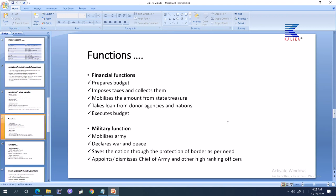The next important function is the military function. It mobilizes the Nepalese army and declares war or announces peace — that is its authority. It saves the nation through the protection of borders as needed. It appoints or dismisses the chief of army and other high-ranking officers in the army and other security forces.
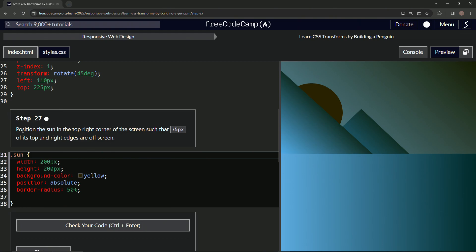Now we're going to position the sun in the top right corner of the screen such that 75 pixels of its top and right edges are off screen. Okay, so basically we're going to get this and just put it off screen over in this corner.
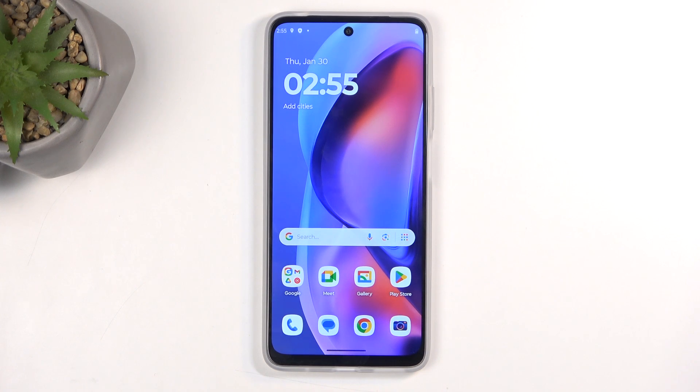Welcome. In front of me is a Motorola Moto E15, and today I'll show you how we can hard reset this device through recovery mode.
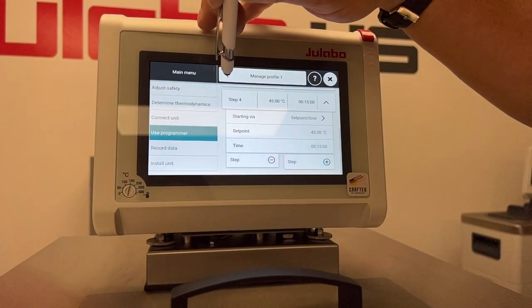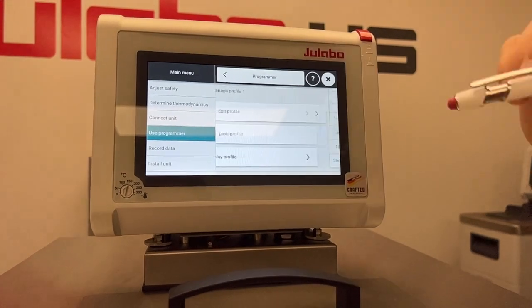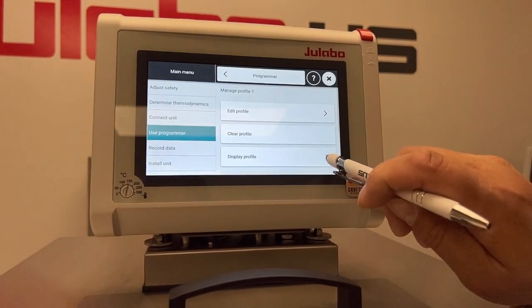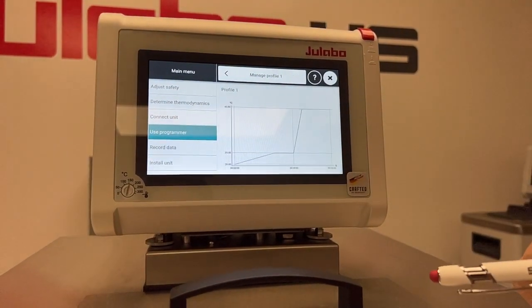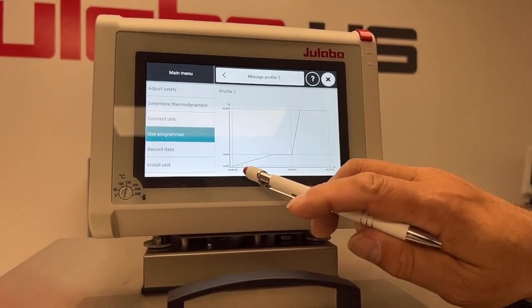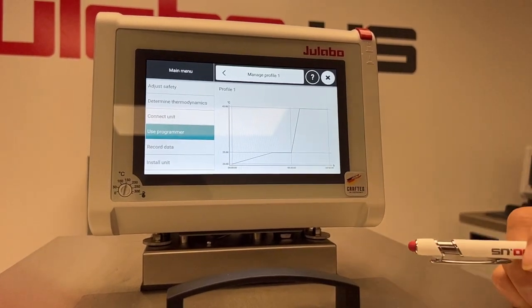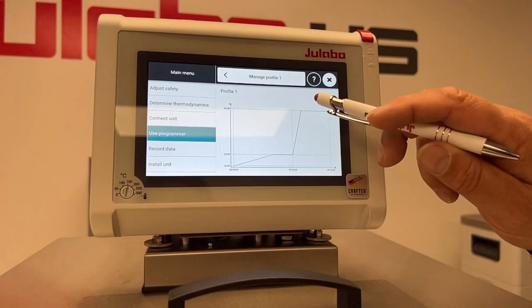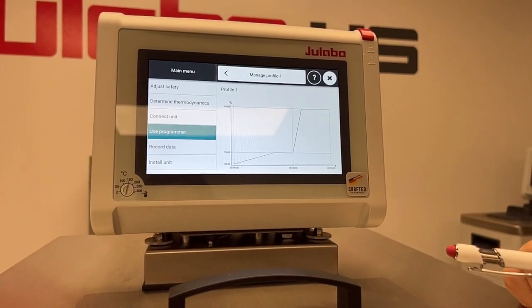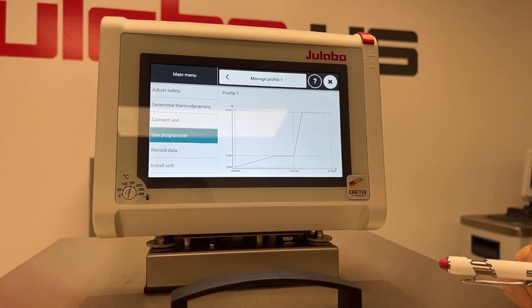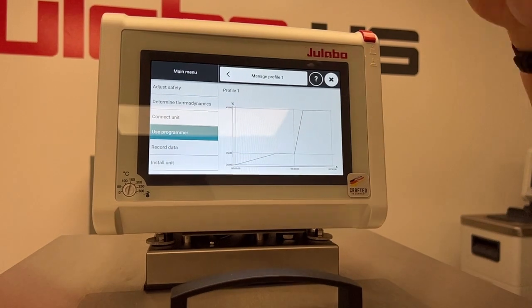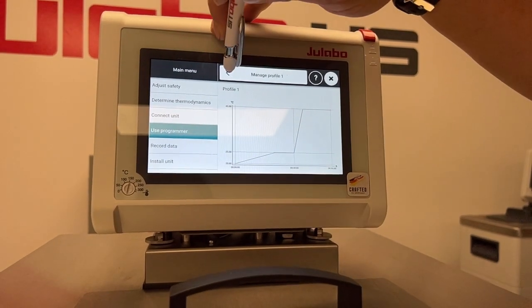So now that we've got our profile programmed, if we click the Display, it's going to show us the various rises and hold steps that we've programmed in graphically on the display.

• _WHAT YOU HAVE TO DO_
Only the lines from the top of the material through the line containing "Welcome. In front" should be written out, exactly and without pictures.

• _ANSWER BOX_
The next important function is the military function. It mobilizes the Nepalese army and declares war or announces peace — that is its authority. It saves the nation through the protection of borders as needed. It appoints or dismisses the chief of army and other high-ranking officers in the army and other security forces.
Now we're going to position the sun in the top right corner of the screen such that 75 pixels of its top and right edges are off screen. Okay, so basically we're going to get this and just put it off screen over in this corner.
Welcome. In front of me is a Motorola Moto E15, and today I'll show you how we can hard reset this device through recovery mode.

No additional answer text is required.